Don't forget to replace PROJECT_NAME with your project name and GLUE_DATABASE with the name of the Glue database created in the previous step.
If you specified a GLUE_DATABASE with another name than default
,
you should make sure the default
database also exists otherwise Spark will try to create it,
but will not have the necessary permissions based on the created IAM role.
import argparse
from pyspark.sql import SparkSession
from pyspark.sql.dataframe import DataFrame
from PROJECT_NAME.common.spark import ClosableSparkSession, SparkLogger
from PROJECT_NAME.transformations.shared import add_ds, filter_by_country
def main():
parser = argparse.ArgumentParser(description="PROJECT_NAME")
parser.add_argument(
"-d", "--date", dest="date", help="date in format YYYY-mm-dd", required=True
)
parser.add_argument(
"-e", "--env", dest="env", help="environment we are executing in", required=True
)
args = parser.parse_args()
with ClosableSparkSession("PROJECT_NAME") as session:
run(session, args.env, args.date)
def run(spark: SparkSession, environment: str, date: str):
"""Main ETL script definition.
:return: None
"""
# execute ETL pipeline
logger = SparkLogger(spark)
logger.info(f"Executing job for {environment} on {date}")

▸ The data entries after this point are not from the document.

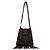 Valentino Borsa a tracolla in suede Nelkot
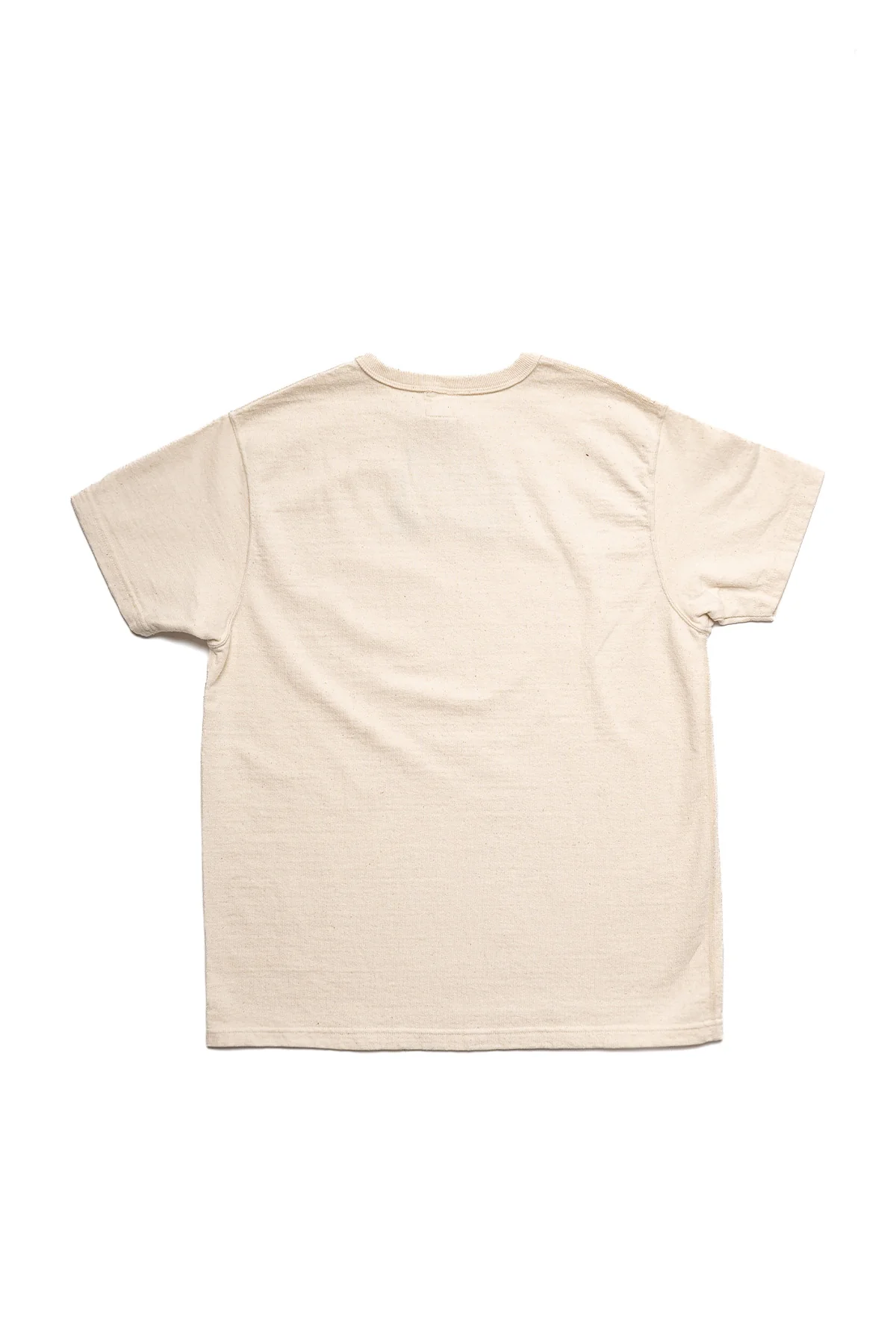 Japanese Cotton S/S Tee - Natural - Image 2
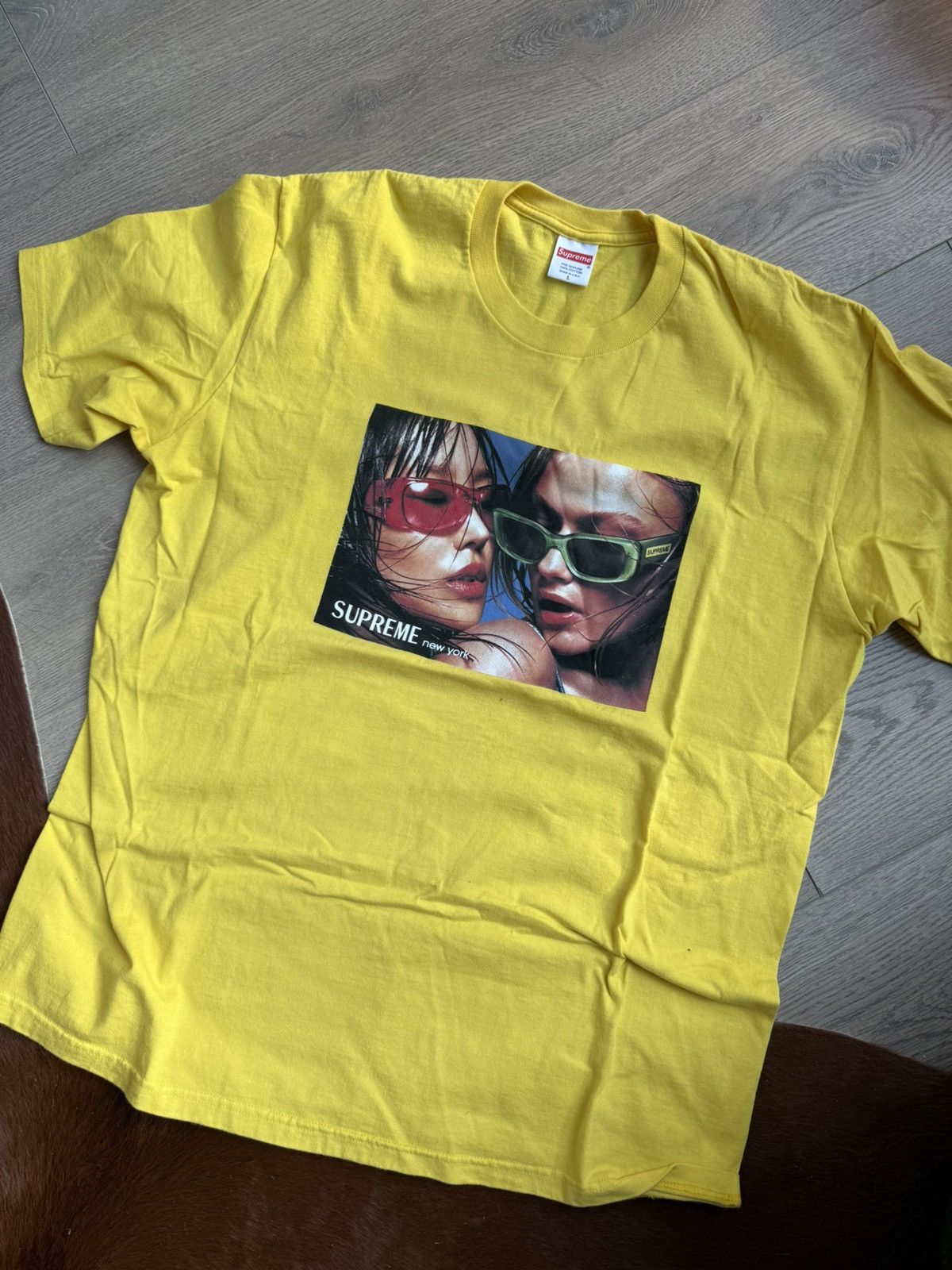 Supreme Supreme Sunglasses Tee Size US L / EU 52-54 / 3 - 1 Thumbnail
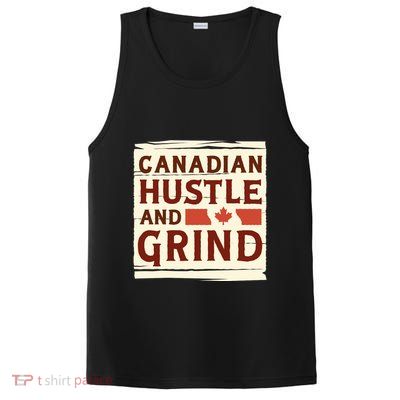 Canadian Hustle And Grind PosiCharge Competitor Tank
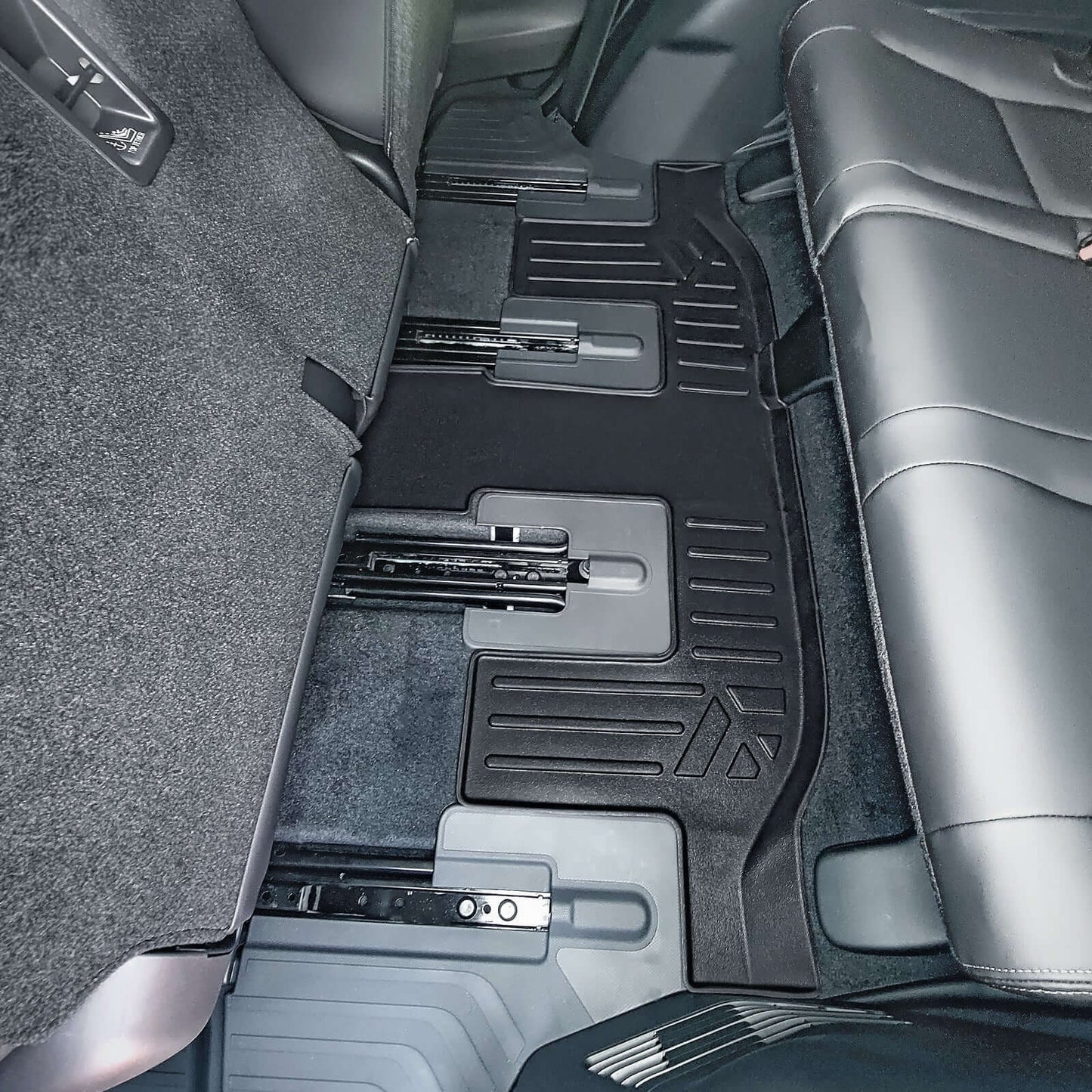 Smart Trim™ Floor Liners For 2019-2026 Subaru Ascent (2nd Row Bench) and No Subwoofer in the Cargo Area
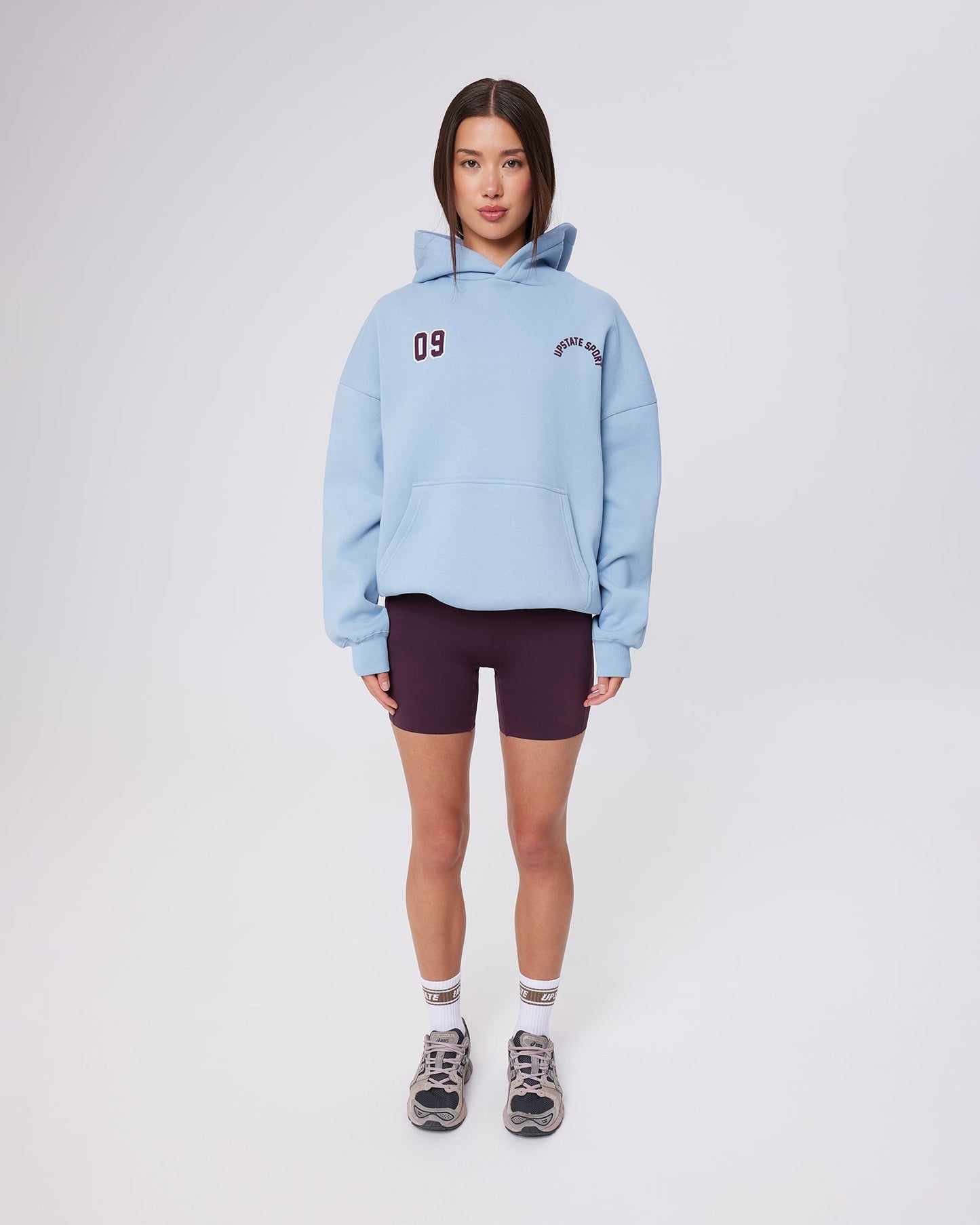Off Duty Hoodie | Blue Haze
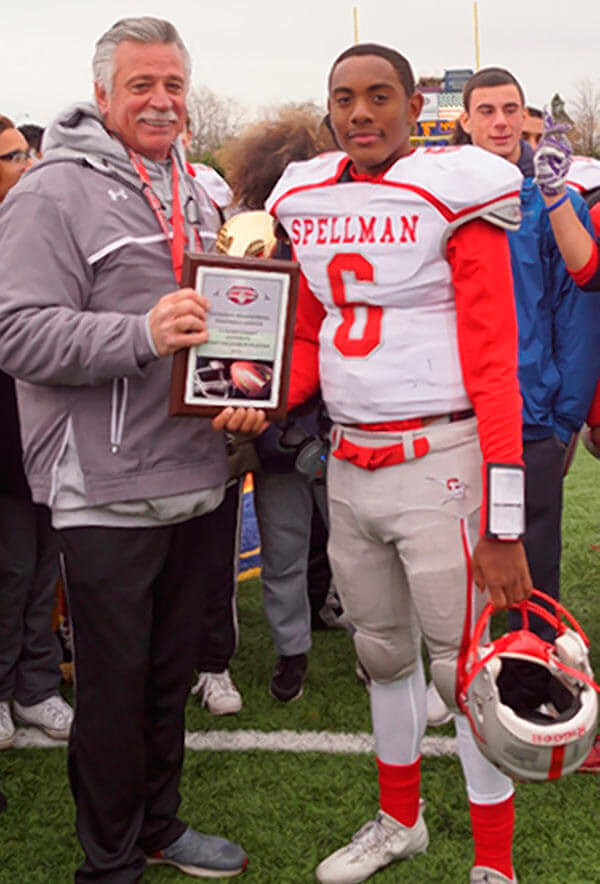Spellman Wins CHSFL A Championship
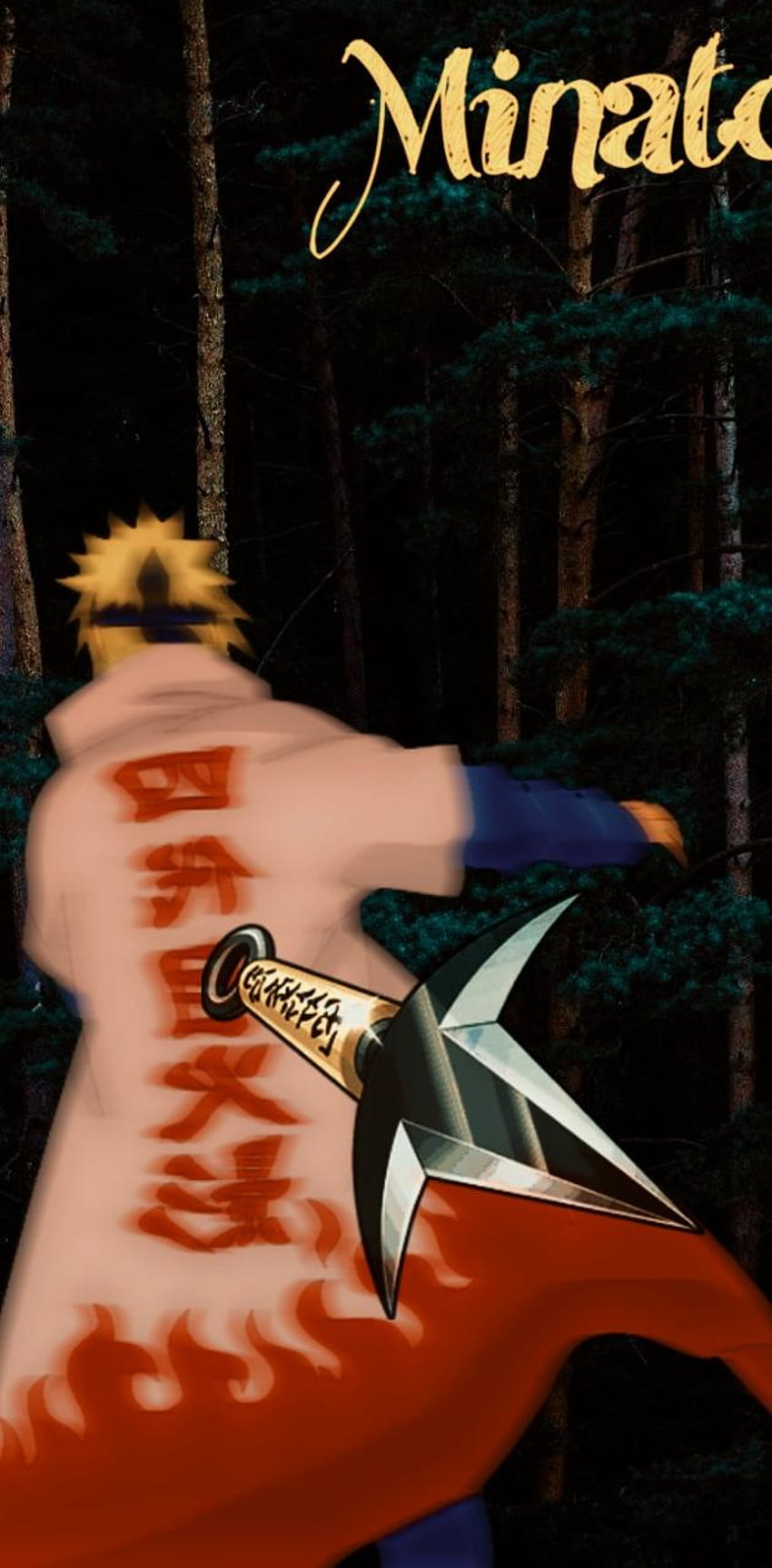 Minato kunai, Nova Skin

data = extract_data(spark, date)
transformed = transform_data(data, date)
load_data(spark, transformed)
def extract_data(spark: SparkSession, date: str) -> DataFrame:
"""Load data from a source
:param spark: Spark session object.
:param date: The execution date as a string
:return: Spark DataFrame.
"""
return spark.read.json(f"s3://openaq-fetches/realtime-gzipped/{date}")
def transform_data(data: DataFrame, date: str) -> DataFrame:
"""Transform the original dataset.
:param data: Input DataFrame.
:param date: The context date
:return: Transformed DataFrame.
"""
return data.transform(add_ds(date)).transform(filter_by_country("BE"))
def load_data(spark: SparkSession, data: DataFrame) -> None:
"""Writes the output dataset to some destination
:param spark: The spark session
:param data: DataFrame to write.
:return: None
"""
spark.catalog.setCurrentDatabase(f"GLUE_DATABASE")
(data.coalesce(1)
.write
.partitionBy("ds")
.mode("overwrite")
.format("parquet")
.saveAsTable("PROJECT_NAME")
)
if __name__ == "__main__":
main()
Replace the file transformations/shared.py
from pyspark.sql.dataframe import DataFrame
from pyspark.sql.functions import lit
from datetime import datetime
def add_ds(date: str):
actual_date = datetime.strptime(date, "%Y-%m-%d").date()
def inner(df: DataFrame):
return df.withColumn("ds", lit(actual_date))
return inner
def filter_by_country(country: str):
def inner(df: DataFrame):
return df.filter(df.country == country)
return inner
6.2. Build and deploy
After these changes, we can build and deploy the project to our environment.
conveyor build
conveyor deploy --env $ENVIRONMENT_NAME --wait
6.3. Re-run the tasks
The initial deployment of your project ran using generated data. We will instruct Airflow to re-run with the updated code.
In the Conveyor UI navigate to your environment and open Airflow. Navigate to your project DAG, select the last task and clear it including past runs.
6.4. Explore the data
Once the tasks have completed successfully, you can explore the data using AWS Athena.